You are viewing a plain text version of this content. The canonical link for it is here.
Posted to dev@zookeeper.apache.org by Hongchao Deng <hd...@cloudera.com> on 2015/03/10 04:31:02 UTC

Changing sync() to need quorum ack

Hi all,

I recently worked on fixing flaky test -- testPortChange(), which is
related to ZOOKEEPER-2000.

This is what I have figured out:

* Server (1) and (2) were followers, (3) was the leader.
* client connected to (1), did a reconfig().
* (1) and (2) formed a quorum, reconfig was successful, and returned.
* (3) still thinks he's the leader, so using LeaderZooKeeperServer.
* client connected to (3) did a sync(), and the sync didn't go through a
quorum. THE CLIENT WHO DID SYNC() GETS WRONG BEHAVIOR. There's a split
brain here for sync().
* Then (3) gradually moves to the new quorum config.

I'm proposing to change sync() to need quorum acks. I've privately talked
with my friend Xiang Li who's working on etcd. He previously had similar
experience and finally changed sync to go through quorum.

Since this change affects the behavior of sync(), I'm asking in public if
there's any concern/assumption? Let's discuss it here.

Best,
-- 
*- Hongchao Deng*
*Software Engineer*

Re: Changing sync() to need quorum ack

Posted by Marshall McMullen <ma...@gmail.com>.
+1. This is how we believed sync was implemented already. Getting these
semantics correct would be very important for us.
On Mar 10, 2015 2:57 AM, "Flavio Junqueira" <fp...@yahoo.com.invalid>
wrote:

> For one thing, this should clean up the mess that we had to do in the code
> to have sync() the way it is, since it was neither a regular nor a regular
> quorum write. I don't know why you say that it changes the behavior. It
> changes the internal behavior, but the expected behavior exposed through
> the API call remains the same, so no user should care about it, it doesn't
> break any code.
>
> -Flavio
>
> > On 10 Mar 2015, at 03:31, Hongchao Deng <hd...@cloudera.com> wrote:
> >
> > Hi all,
> >
> > I recently worked on fixing flaky test -- testPortChange(), which is
> > related to ZOOKEEPER-2000.
> >
> > This is what I have figured out:
> >
> > * Server (1) and (2) were followers, (3) was the leader.
> > * client connected to (1), did a reconfig().
> > * (1) and (2) formed a quorum, reconfig was successful, and returned.
> > * (3) still thinks he's the leader, so using LeaderZooKeeperServer.
> > * client connected to (3) did a sync(), and the sync didn't go through a
> > quorum. THE CLIENT WHO DID SYNC() GETS WRONG BEHAVIOR. There's a split
> > brain here for sync().
> > * Then (3) gradually moves to the new quorum config.
> >
> > I'm proposing to change sync() to need quorum acks.
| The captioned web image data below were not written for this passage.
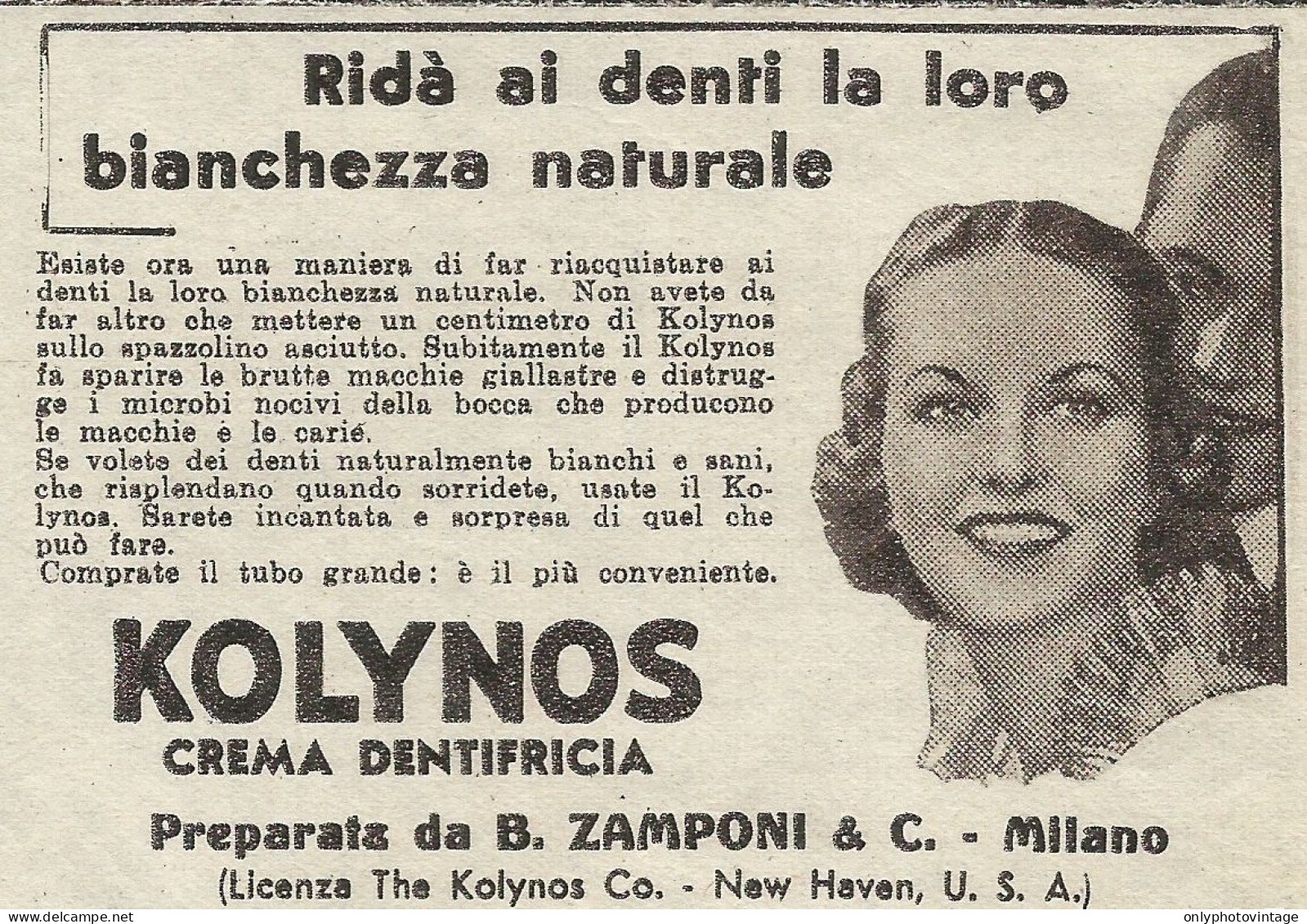 Crema Dentifricia Kolynos - Pubblicità 1936 - Advertising - Advertising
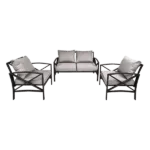 3 Piece Garden Outdoor Contemporary Couch, Black Metal with Gray Cushions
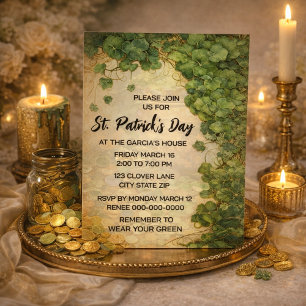 Invitación elegante de trébol verde del día de San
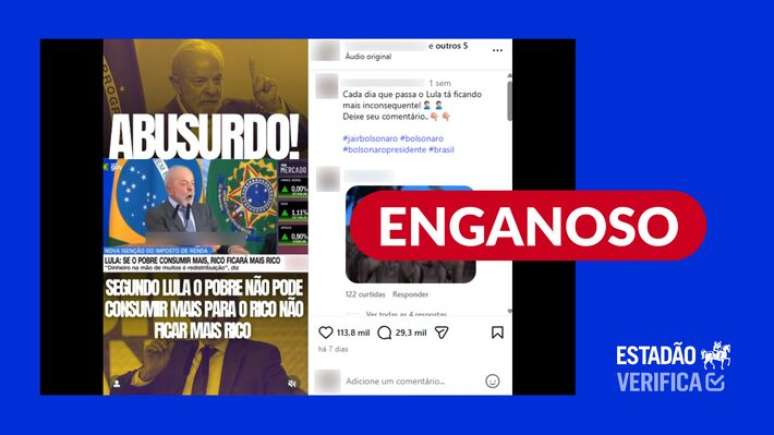 Postagem usa linguagem alarmista para captar a atenção.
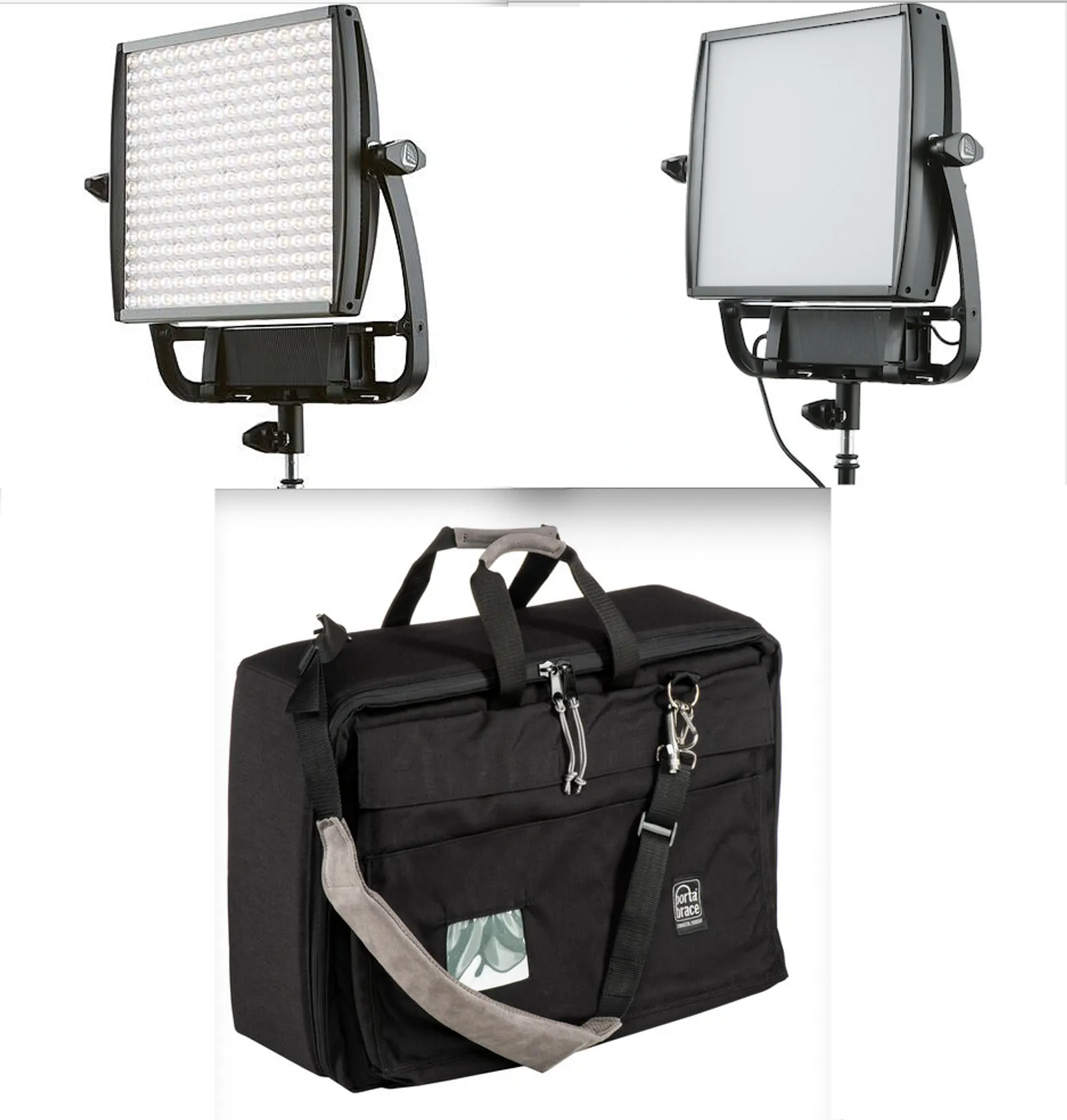 2 LitePanels Astra Kit:  LitePanels Astra 6x B-Color, LitePanels Astra  Softlight Bi-Color & PortaBrace LPB-LED2A Light Case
I've privately talked
> > with my friend Xiang Li who's working on etcd. He previously had similar
> > experience and finally changed sync to go through quorum.
> >
> > Since this change affects the behavior of sync(), I'm asking in public if
> > there's any concern/assumption? Let's discuss it here.
> >
> > Best,
> > --
> > *- Hongchao Deng*
> > *Software Engineer*
>
>

Re: Changing sync() to need quorum ack

Posted by Flavio Junqueira <fp...@yahoo.com.INVALID>.
For one thing, this should clean up the mess that we had to do in the code to have sync() the way it is, since it was neither a regular nor a regular quorum write. I don't know why you say that it changes the behavior. It changes the internal behavior, but the expected behavior exposed through the API call remains the same, so no user should care about it, it doesn't break any code.

-Flavio

> On 10 Mar 2015, at 03:31, Hongchao Deng <hd...@cloudera.com> wrote:
> 
> Hi all,
> 
> I recently worked on fixing flaky test -- testPortChange(), which is
> related to ZOOKEEPER-2000.
> 
> This is what I have figured out:
> 
> * Server (1) and (2) were followers, (3) was the leader.
> * client connected to (1), did a reconfig().
> * (1) and (2) formed a quorum, reconfig was successful, and returned.
> * (3) still thinks he's the leader, so using LeaderZooKeeperServer.
> * client connected to (3) did a sync(), and the sync didn't go through a
> quorum. THE CLIENT WHO DID SYNC() GETS WRONG BEHAVIOR. There's a split
> brain here for sync().
> * Then (3) gradually moves to the new quorum config.
> 
> I'm proposing to change sync() to need quorum acks. I've privately talked
> with my friend Xiang Li who's working on etcd. He previously had similar
> experience and finally changed sync to go through quorum.
> 
> Since this change affects the behavior of sync(), I'm asking in public if
> there's any concern/assumption? Let's discuss it here.
> 
> Best,
> -- 
> *- Hongchao Deng*
> *Software Engineer*


Re: Changing sync() to need quorum ack

Posted by Michi Mutsuzaki <mi...@cs.stanford.edu>.
+1 Thank you for looking into this Hongchao.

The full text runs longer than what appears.